EXERCISE: Please repeat, exactly and without pictures, the lines of the entries below that run from the one containing "Dani Alves duró" through the one containing "MITSUBISHI FUSO FE140 Fender".

MATERIAL FOR THIS TASK:
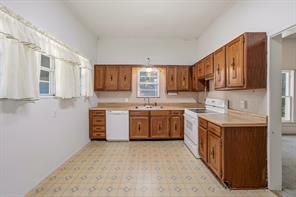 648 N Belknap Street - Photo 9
==
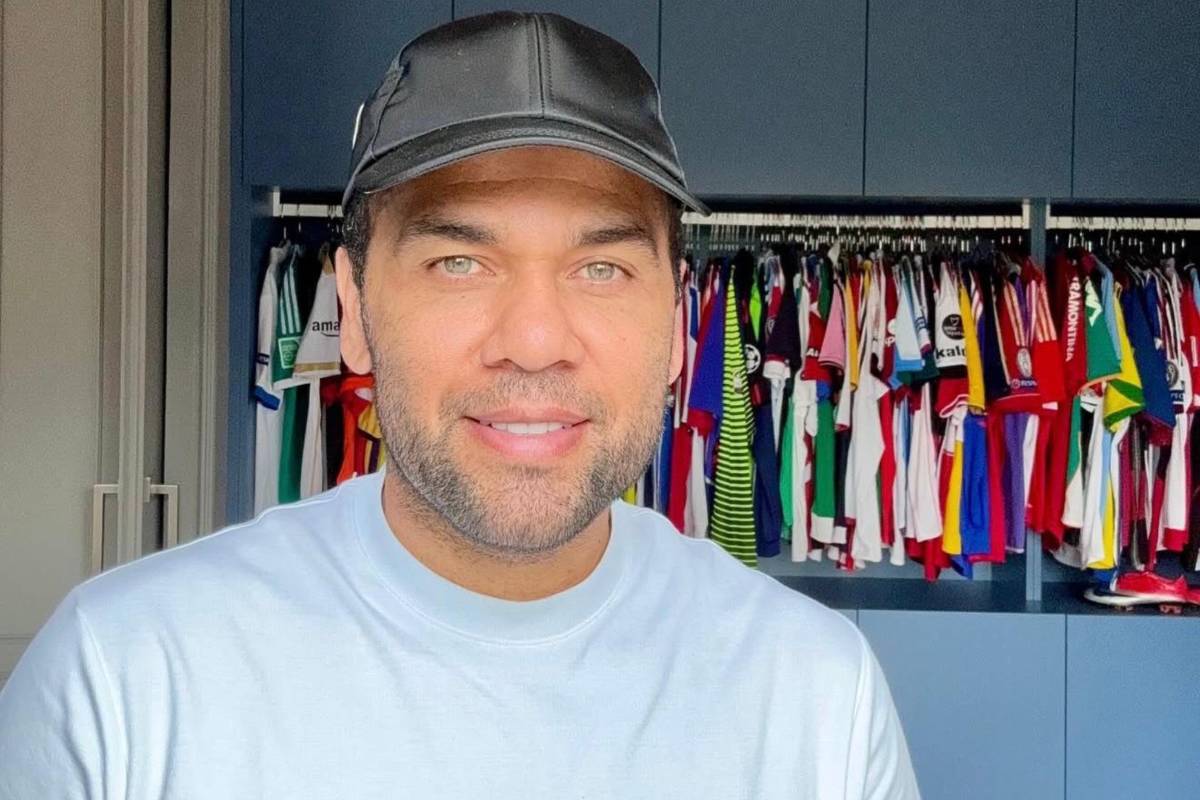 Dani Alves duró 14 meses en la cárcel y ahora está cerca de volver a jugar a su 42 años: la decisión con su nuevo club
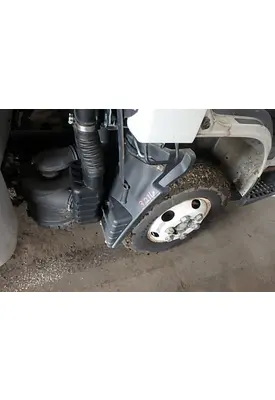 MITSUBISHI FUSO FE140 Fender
* * *
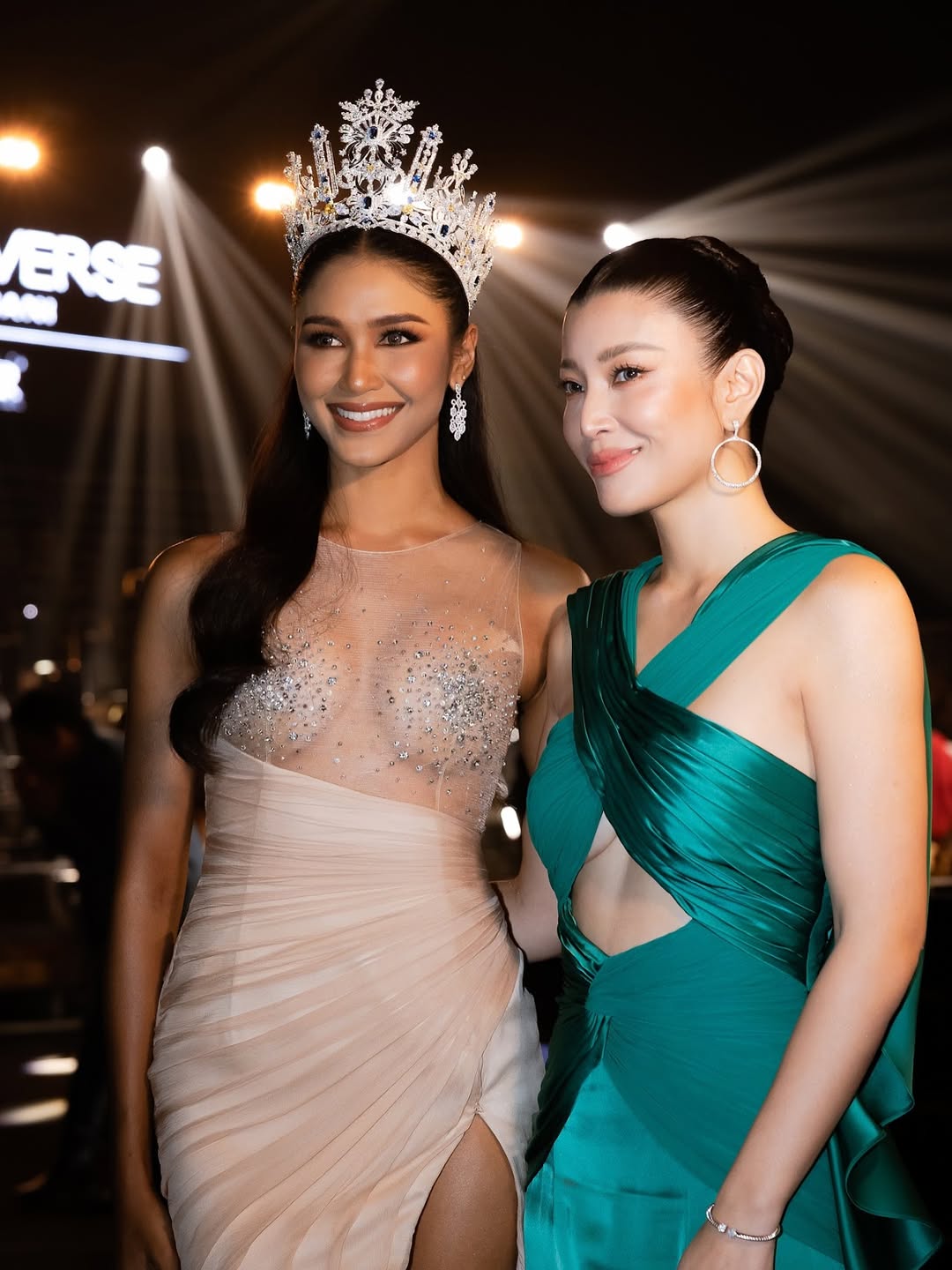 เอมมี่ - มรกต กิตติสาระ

SOLUTION FOR THIS TASK:
 Dani Alves duró 14 meses en la cárcel y ahora está cerca de volver a jugar a su 42 años: la decisión con su nuevo club
 MITSUBISHI FUSO FE140 Fender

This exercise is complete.